Start of DATA EXCERPT

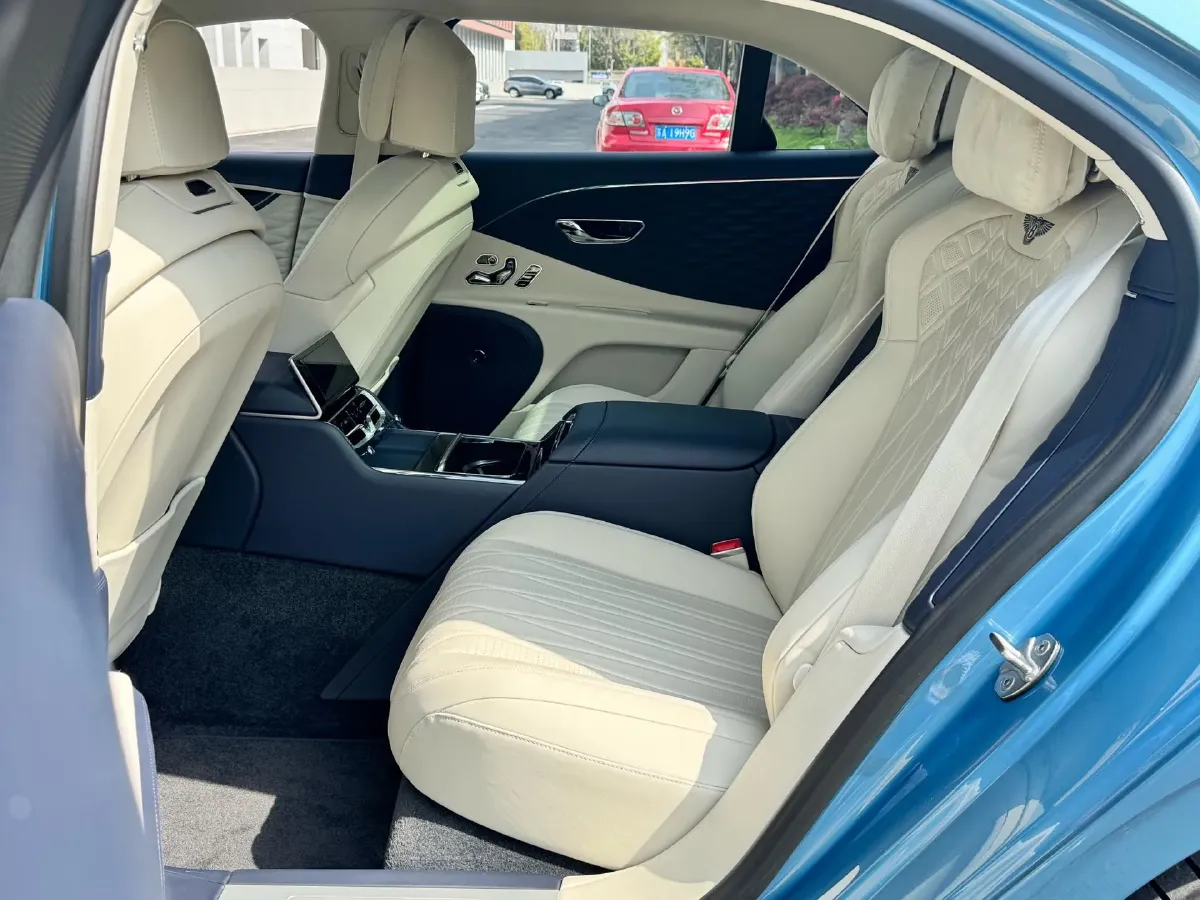 2022 Bentley Flying Spur 2.9T 416HP V6 8DCT PHEV 18KWH,autocango,china used car exporter,china ev exporter,chinese used car exporter,chinese used ev exporter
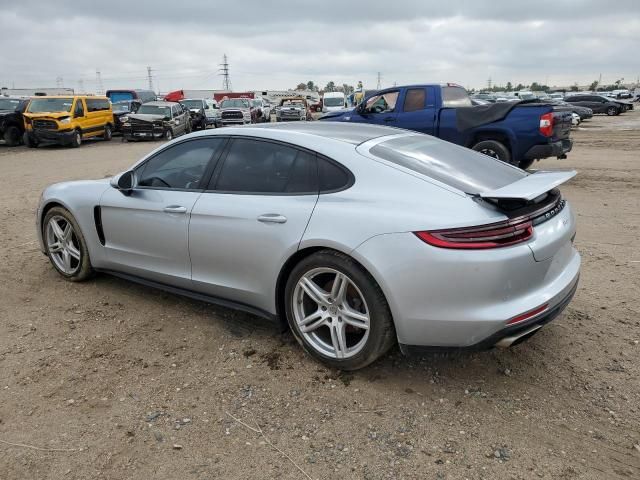 2018 Porsche Panamera 4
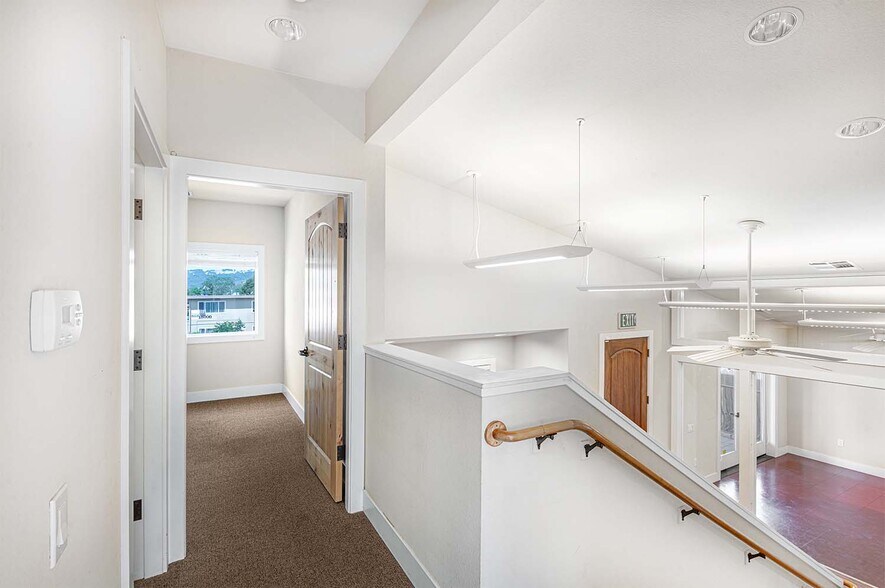 More Photos Of 17977 Sonoma Hwy, Sonoma Office For Sale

End of DATA EXCERPT

Exactly the lines from the one that contains "2018 Porsche Panamera 4" to the last line of the data, both included, should be set down, and no pictures should appear among them.

### [OUTPUT OF THE EXERCISE]
 2018 Porsche Panamera 4
 More Photos Of 17977 Sonoma Hwy, Sonoma Office For Sale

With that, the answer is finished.